━━━━━ AVAILABLE DATA
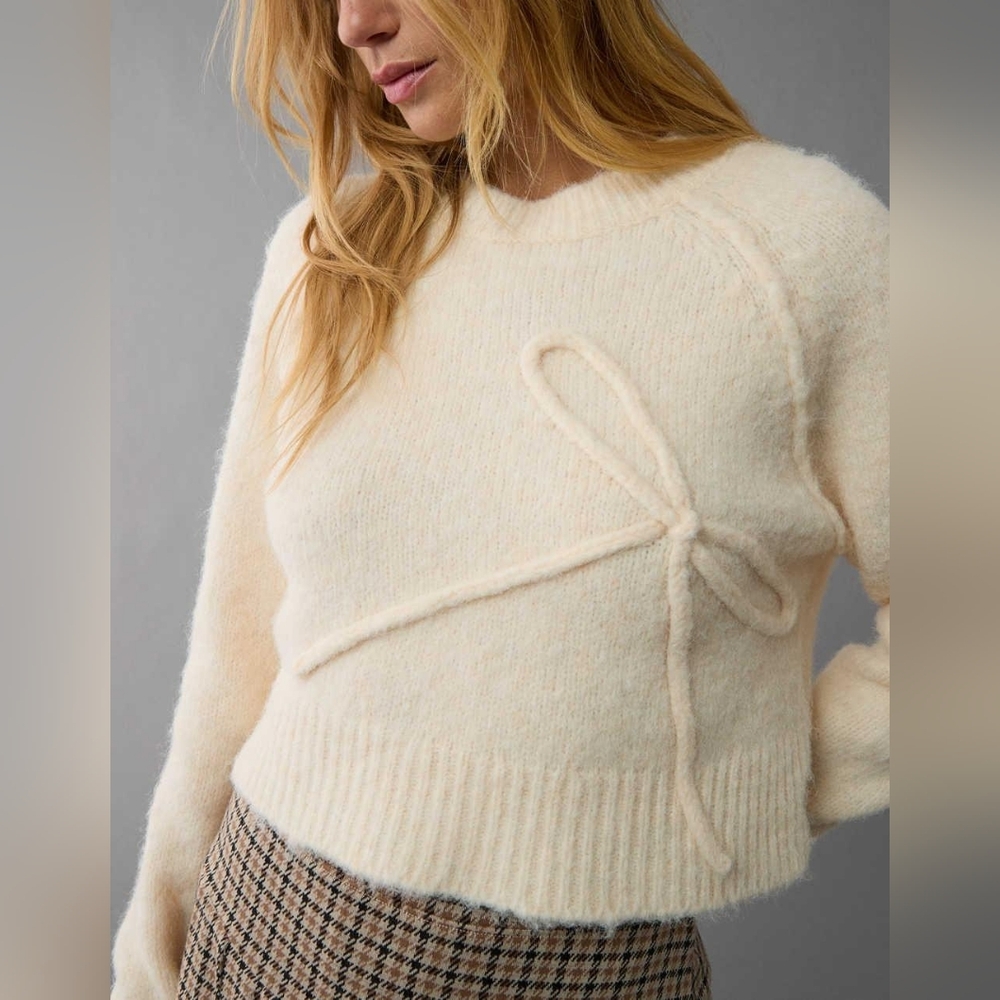 American Eagle Cream Sweater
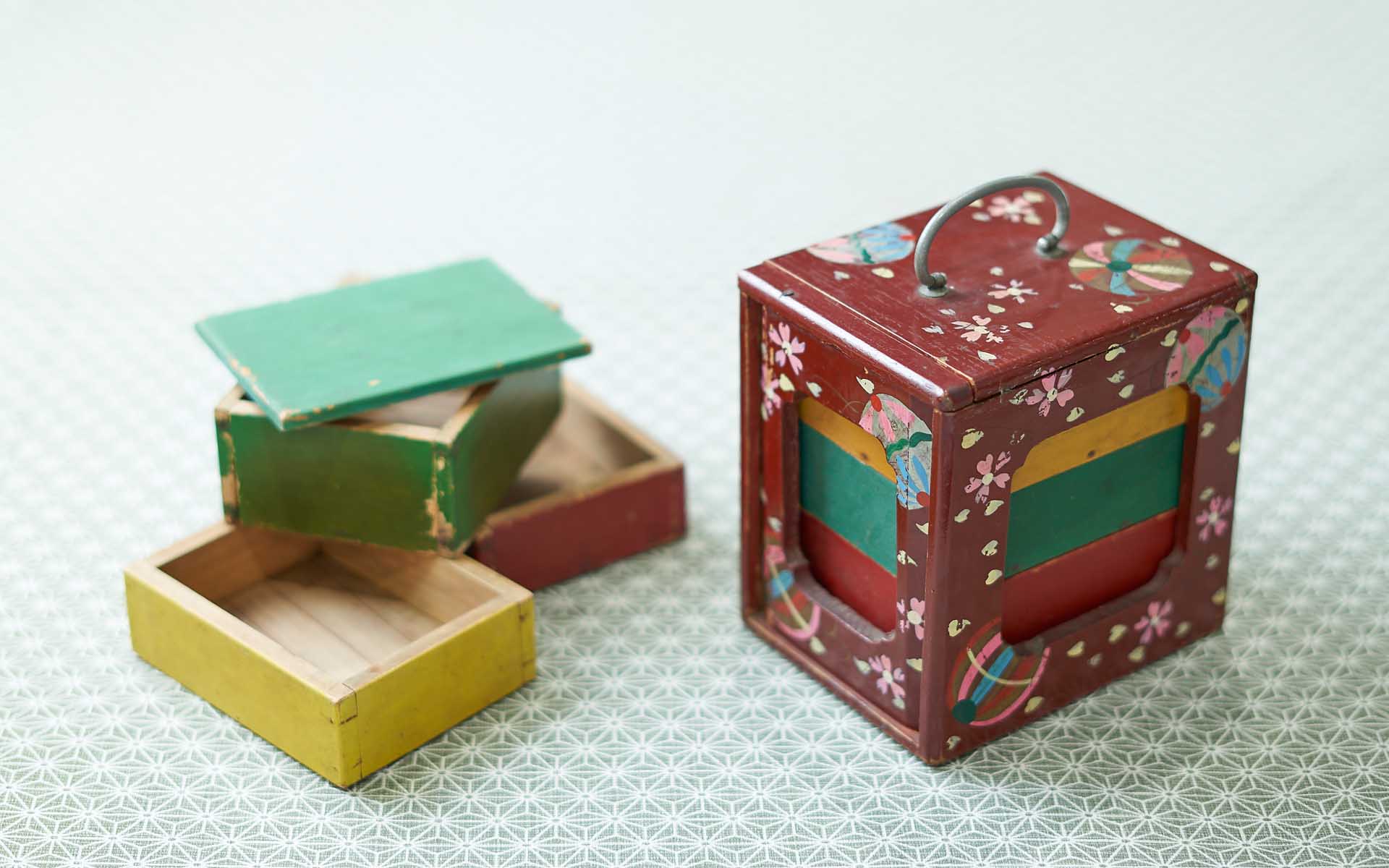 徳島に伝わる「遊山箱」。お重を抱えて子どもが走る、華やかな春の風景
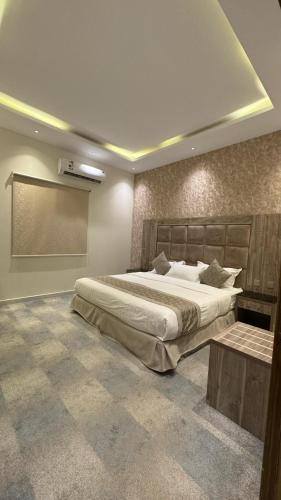 a bedroom with a large bed in a room at شقق اركان الريم للوحدات السكنية in Al Thybiyah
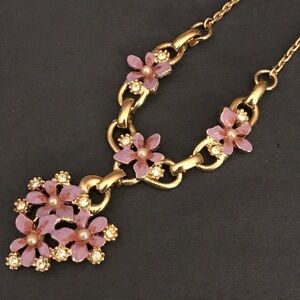 Vintage Gold & pink flower 🌸 necklace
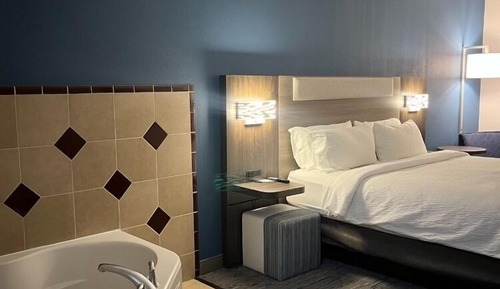 Suite, 1 King Bed, Jetted Tub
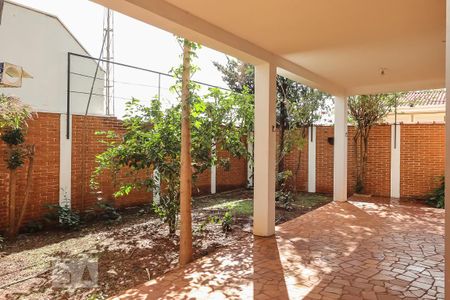 Casa para alugar com 3m², 4 quartos e sem vaga Casa para alugar com 3m², 4 quartos e sem vagaVaranda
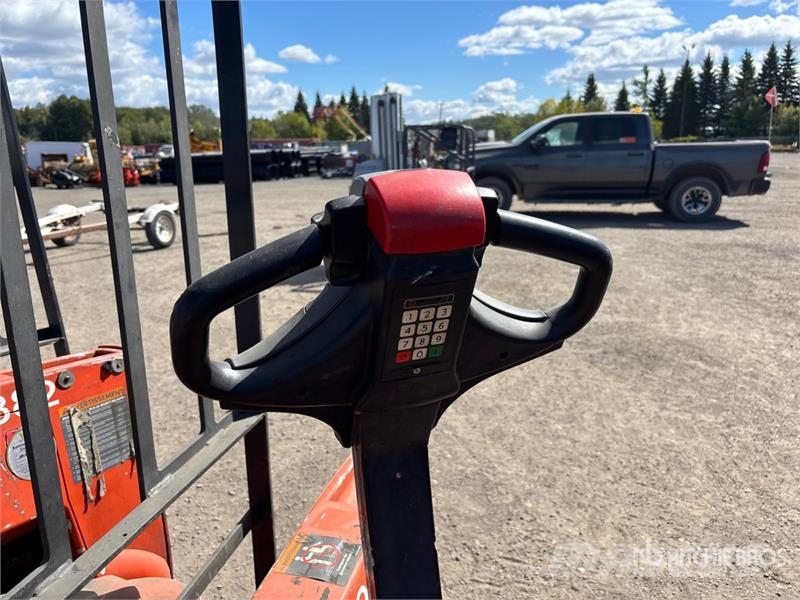 Toyota of (6) Toyota 4500 lb Electric Pallet Jack (Inoper Kahvelkäru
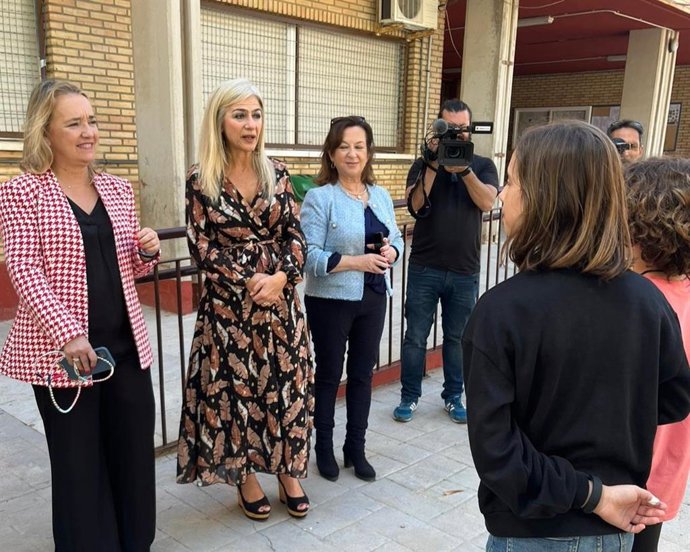 La consejera de Desarrollo Educativo, Patricia del Pozo, visita un centro escolar de Almería.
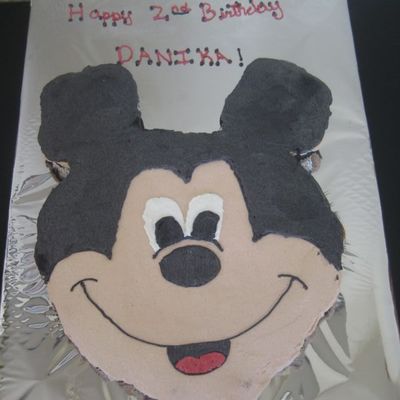 Mickey Mouse Cupcake Cake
━━━━━━━━━━
### INSTRUCTIONS TO FOLLOW
Copy the data character for character, but drop all pictures from the copy.

### FINISHED TASK
 American Eagle Cream Sweater
 徳島に伝わる「遊山箱」。お重を抱えて子どもが走る、華やかな春の風景
 a bedroom with a large bed in a room at شقق اركان الريم للوحدات السكنية in Al Thybiyah
 Vintage Gold & pink flower 🌸 necklace
 Suite, 1 King Bed, Jetted Tub
 Casa para alugar com 3m², 4 quartos e sem vaga Casa para alugar com 3m², 4 quartos e sem vagaVaranda
 Toyota of (6) Toyota 4500 lb Electric Pallet Jack (Inoper Kahvelkäru
 La consejera de Desarrollo Educativo, Patricia del Pozo, visita un centro escolar de Almería.
 Mickey Mouse Cupcake Cake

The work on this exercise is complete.